“Three people threatened to shoot me.”
By Katherine Jacobsen/CPJ U.S. Research Associate and Lucy Westcott/James W. Foley Emergencies Research Associate
HAVANA TIMES – Wednesday’s pro-Trump protests in Washington, D.C., during which a mob broke into the Capitol building and forced journalists, lawmakers, and staff to shelter-in-place for hours — were full of anti-press sentiment. The words “Murder the Media” were etched on a door inside the building, according to The New York Times, and individuals in the crowd repeatedly threatened reporters and smashed their equipment.
The U.S. Press Freedom Tracker, of which CPJ is a founding member, is investigating at least three arrests, six assaults, and multiple reports of equipment damage, threats, and harassment of members of the media.
To better understand the situation on the ground, and the conditions for the press, CPJ spoke with several journalists via phone who reported in and around the Capitol building. The interviews have been edited for length and clarity.
Amanda Andrade-Rhoades, freelance photojournalist on assignment for The Washington Post
What time did you get the Capitol yesterday and what was it like?
I arrived right around 10 a.m. and things were relatively sedate. Some of the protesters were rude to the media and others just kind of ignored us. As I was walking around the Capitol later in the day, I realized things were going to heat up rather quickly, so I put on my gas mask. Protesters started dismantling barricades around the Capitol to hit the police officers and began to fight them. When the police were struggling to get control of the barricades, they started firing rubber bullets. I also saw pepper spray being deployed, and what I think was tear gas, but it was hard to tell with my gas mask. When this was happening, around 2:45 p.m., I was hit with rubber bullets.
Why do you think the police were so overwhelmed by protesters?
I got the sense that they were wildly underprepared and outnumbered. I don’t think they expected that the protesters would be so aggressive toward them. I’ve covered other pro-Trump rallies before and they were really reticent to go toe-to-toe with the police beside shouting, so I think the Capitol Police were taken off guard. They just did not have the numbers to fend off protesters. They had a lighter hand than what I’d seen throughout summer, but those were other police forces.
Did the crowd express animosity toward you as a member of the media?

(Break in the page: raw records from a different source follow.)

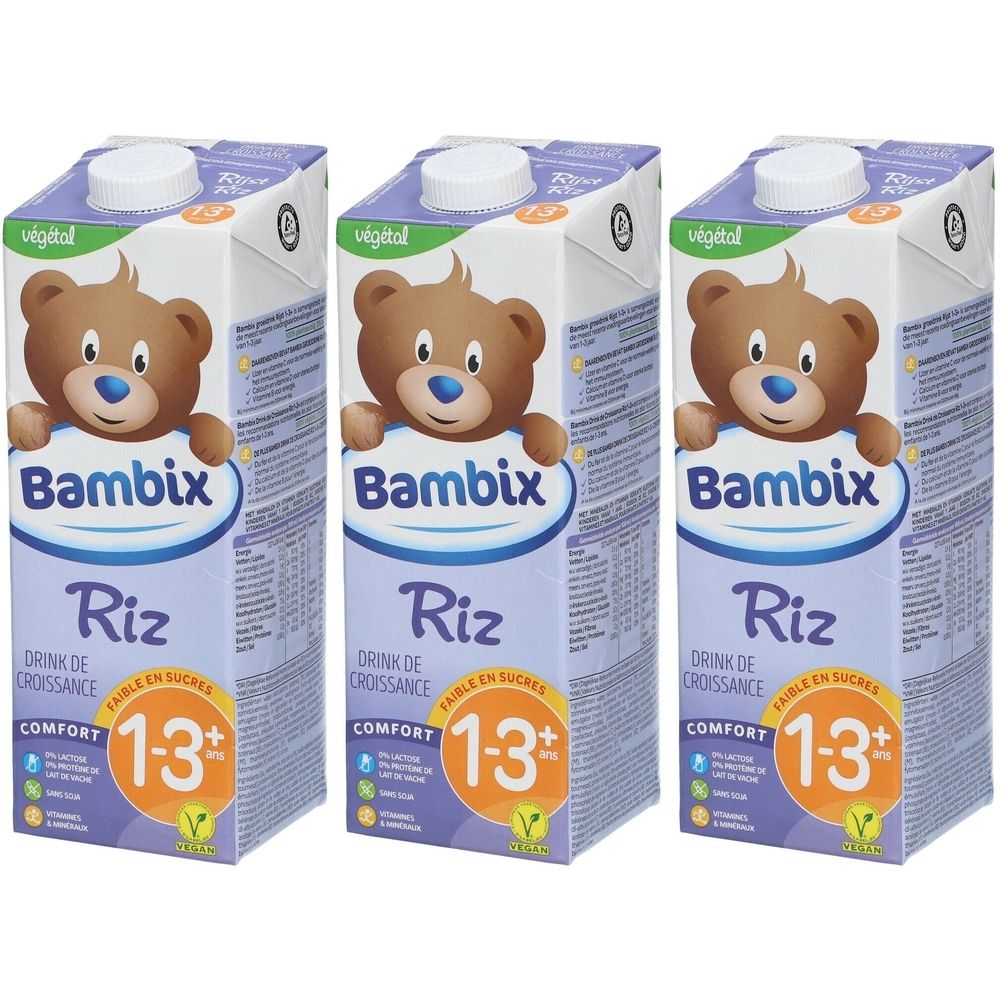 Drie verpakkingen van Bambix Riz. Elke verpakking toont een teddybeer. Tekst: Riz, 1-3+ jaar. Drink de croissance.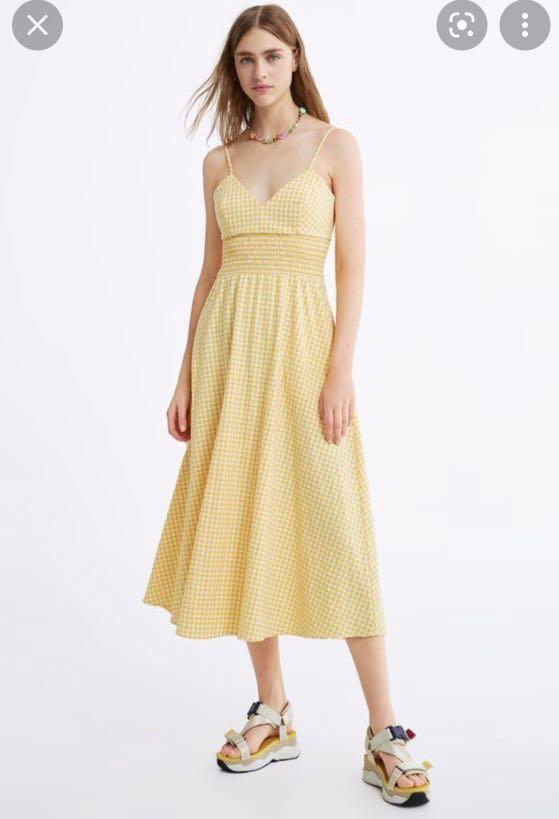 Zara yellow clearance gingham dress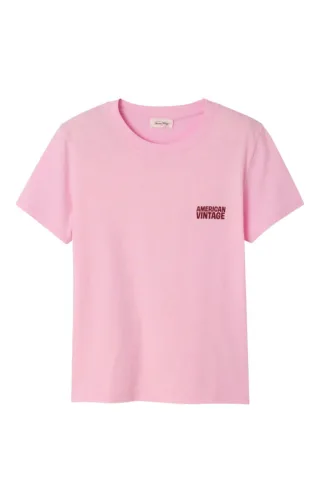American Vintage - T-Shirt mit Logo-Print pink - Gr. - S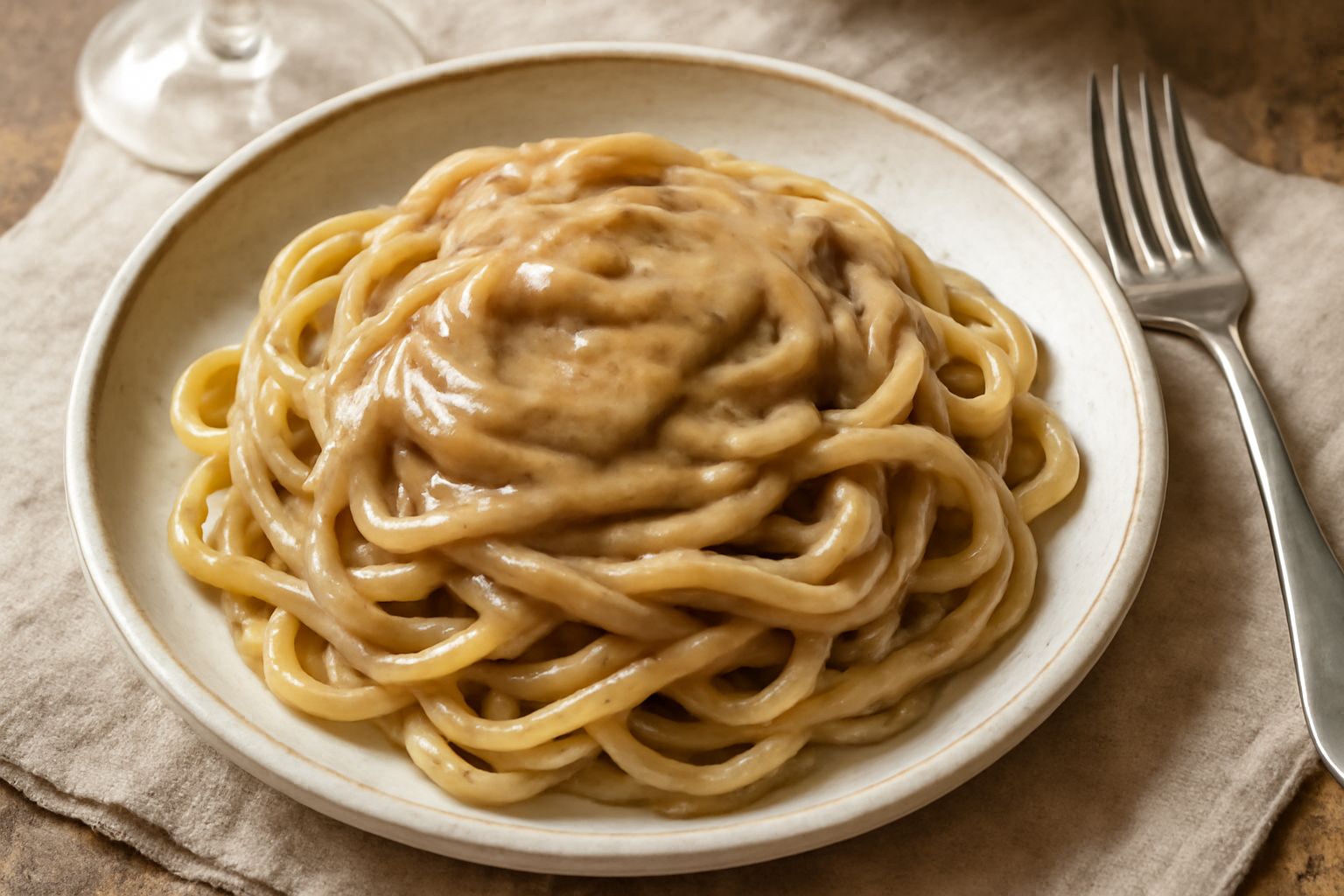 Piatto di pasta fresca con sugo cremoso di colore marrone nocciola, granelli scuri di tartufo sparsi in superficie, cucchiaio di legno accanto, tovaglia lino bianco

Oh yes, I had three different people threaten to shoot me over the course of the day. They weren’t armed as far as I could tell. I saw people with knives and pepper spray. If they had guns, I couldn’t see them. But I did see people in flak jackets and bullet proof vests, so clearly ready for armed combat. At one point, a guy leaned over to me and said, “I’m coming back with a gun tomorrow and I’m coming for you.”

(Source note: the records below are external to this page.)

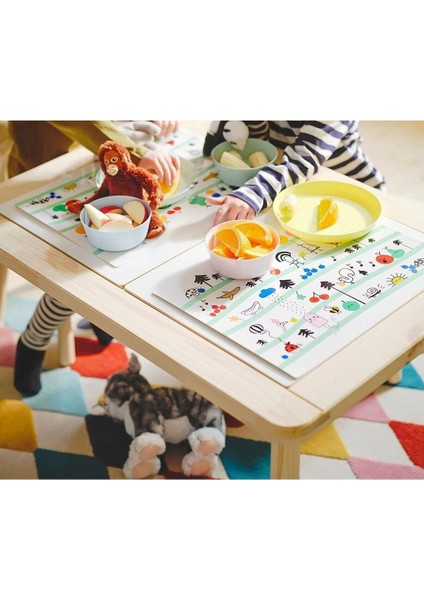 2'li Çocuk Amerikan Servisi 30X40 Cm, Desenli, Beyaz, Dayanıklı ve Şık Set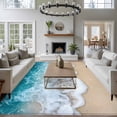 thumbnail image 3 of Non-Slip Rug Pad Rugs Summer Beach Teal Ocean Wave Rectangle Area Rugs 5x7Ft Soft Carpet Pads for Living Room Kids Room, Nautical Seaside Water Ripple, 3 of 9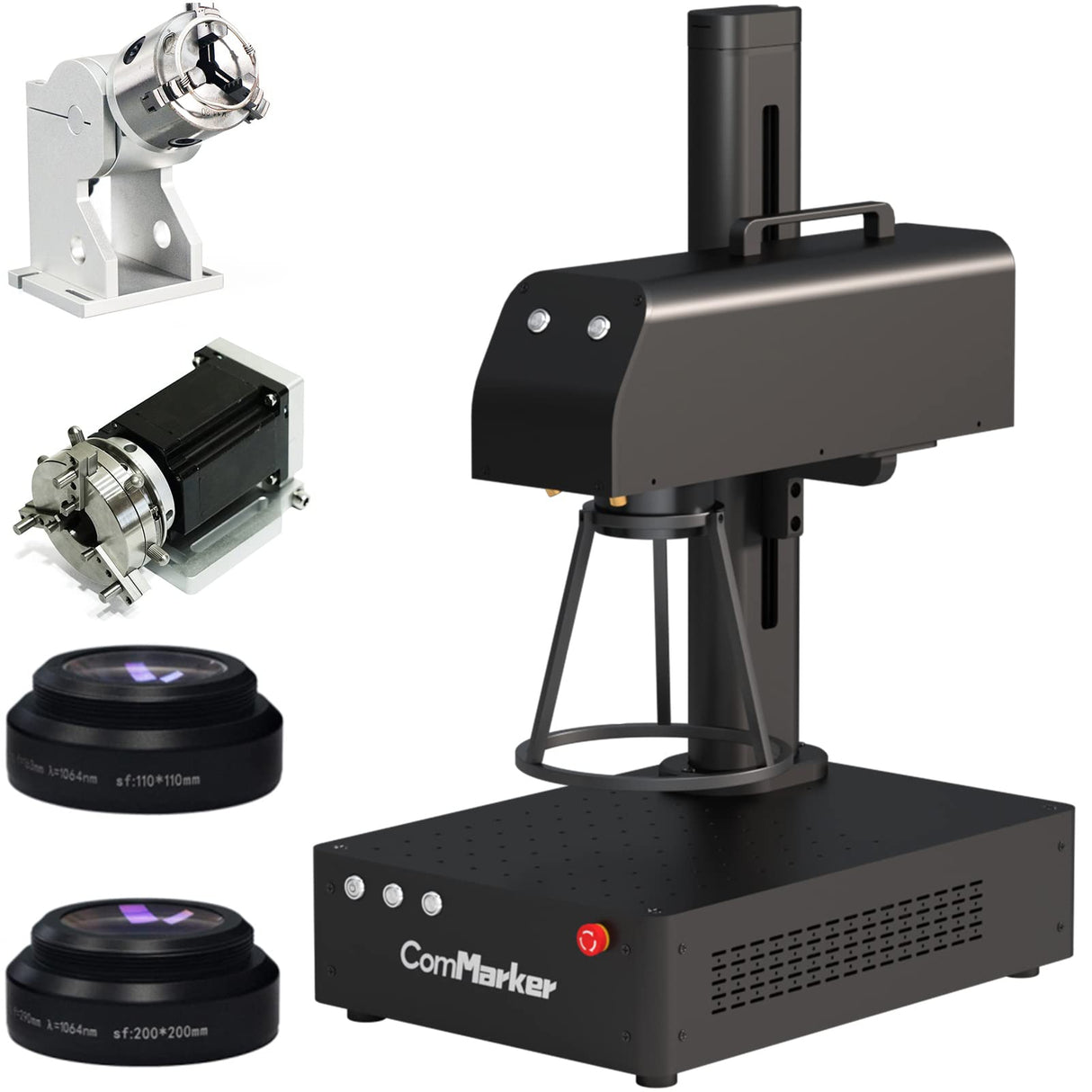 ComMarker B4 30 W Fiber Laser Engraver with 2 Rotary,LightBurn Compatible Laser Engraving Machine with 2Lens,Fiber Laser Marking Machine for Jewelry,Sliver,Gold,Tumblers ComMarker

I had a man get in my face as I was trying to photograph a broken window. He asked me “Are you Antifa?” My credential was hidden, but my gas mask, which I was wearing at the time, said press. A Capitol Police officer actually told him to back off. He said, “No she’s media, stop.”
How do you deal with that and remain calm?
I almost just don’t really process it until it’s done. There are some things that are automatic now: keeping an exit open and really paying attention to my gut if someone seems really hostile. There were moments where I could see a person following me and watching me and that’s when I knew that I need to get lost in this crowd and watch out for this person. I don’t process that fear until it’s done. I can’t let it get to me, so I just don’t think about it until it’s done for the day.
I’m no longer taking safety in the Capitol for granted. I’ve been in before covering politics. I’ve dealt with protesters there and I’ve never felt threatened before. Now I think I’m just going to be a lot more cautious.
Richard Hall, British journalist and a senior U.S. correspondent for The Independent
What was the scene like when you arrived at the Capitol?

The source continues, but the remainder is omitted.